You can wipe the rotors with alcohol pads to clean them. Your brake pads may need a few applications of alcohol wipes and sanding to get the residue off. Then you may just have to play a waiting game of letting it burn itself out. Some will recommend torching them or baking them, but I wont. I'd just replace the pads before doing that.


----------



## rykaz (Sep 23, 2011)

Ill get some rubbing alcohol and give them a good scrub.

Thanks


----------



## jeffscott (May 10, 2006)

Old Fry pan medium heat...lightly sand


----------



## gmcttr (Oct 7, 2006)

This comes up every couple of days. Here is a recent thread that pretty well represents the typical range of "fixes"...http://forums.mtbr.com/brake-time/oil-pads-739873.html


----------



## dundundata (May 15, 2009)

I'm gonna have to agree that spraying WD40 all over your bike is not a good idea. If you want to remove the chain or other parts and use it maybe but this thread proves it's not the best option.


----------



## AZ (Apr 14, 2009)

......


----------



## rykaz (Sep 23, 2011)

Yeah so I took the disc pads off and scrubbed them with soap and hot water...

They work perfect now. I think a lot of people overthink things sometimes.....wd-40 is fine to use, just avoid overspray.


----------



## mack_turtle (Jan 6, 2009)

Why WD-40 is Bad for Your Bike Chain - Bicycle Tutor Video

the only thing that wd-40 works well on bikes is to install rubber grips on your bars. really, try it! it evaporates quickly like hairspray does and leaves the grip sticky on the bar.

otherwise, I think you are going to pay stupid tax if you use wd-40 on your bike. if you can "bake" the oil out, that might work. otherwise, you need new pads. take the rotors off and clean them with warm water and dish soap, then wipe them up with rubbing alcohol.


----------



## Stupendous Man (Jan 12, 2004)

Holy carp!

mack_turtle just demonstrated my point about regurgitating misinformation and unproven "facts" from the internet.

Try using WD40 to install your grips. I dare ya...


----------



## pimpbot (Dec 31, 2003)

*Yeah, srsly*



Stupendous Man said:


> Holy carp!
> 
> mack_turtle just demonstrated my point about regurgitating misinformation and unproven "facts" from the internet.
> 
> Try using WD40 to install your grips. I dare ya...


I use 91% Isopropyl alcohol... just a dab. Nothing else. That was before I switched to clamp on Ergon grips.

*edit*

I forgot to mention block off the ends of the bars in some way and the end of the grip and use the air pocket that forms under the grip to help you slip them on.

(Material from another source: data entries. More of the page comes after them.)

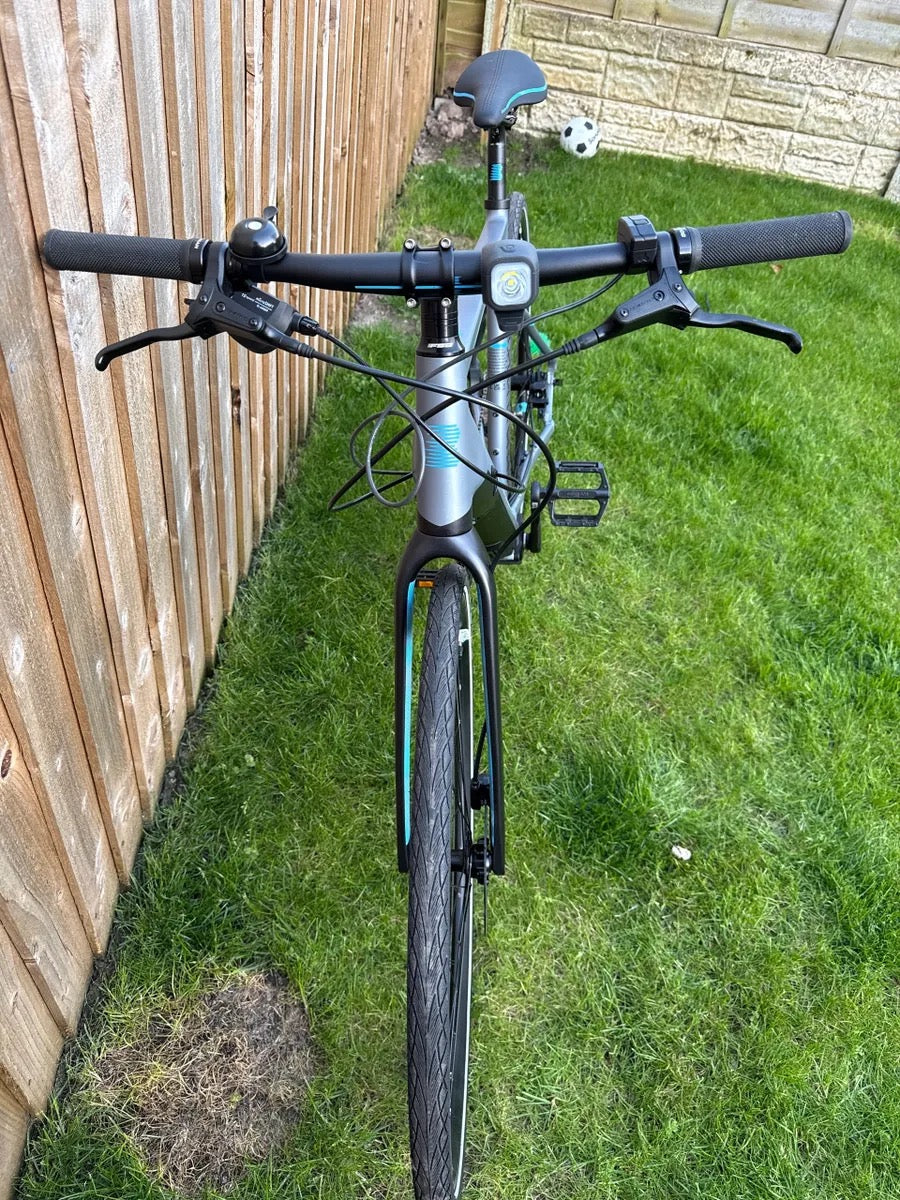 Boardman HYB 8.9e (2024)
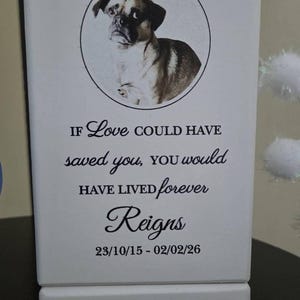 Sarah added a photo of their purchase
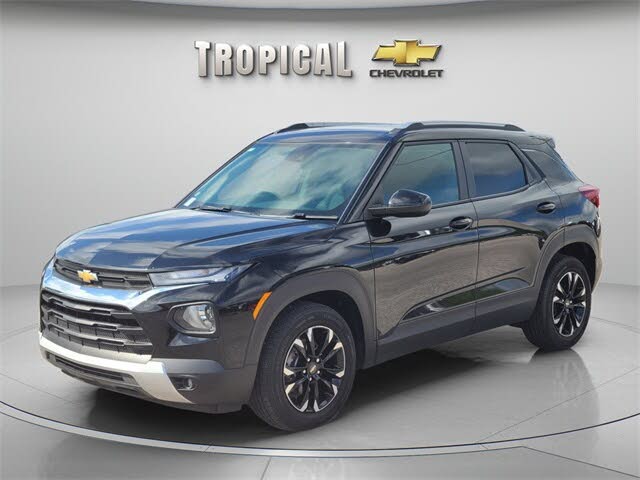 2022 Chevrolet Trailblazer LT FWD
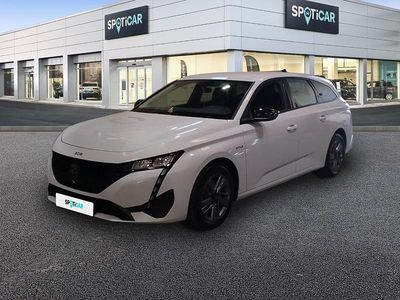 Branco Usado 2025 Peugeot 308 Style Carrinha | € 28.500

still... I keep WD40 away from my bike. I'm not sure it does any damage, but it certainly doesn't do any good... except when I have my fork innards apart for cleaning.

In fact, aerosol propelled anything is a bad idea around bikes. Too many things that can get messed up if contaminated by whatever, and now you're shooting it around like a shotgun. Half of the product you are trying to apply ends up on the shop floor anyway.


----------



## mack_turtle (Jan 6, 2009)

Stupendous Man said:


> Try using WD40 to install your grips. I dare ya...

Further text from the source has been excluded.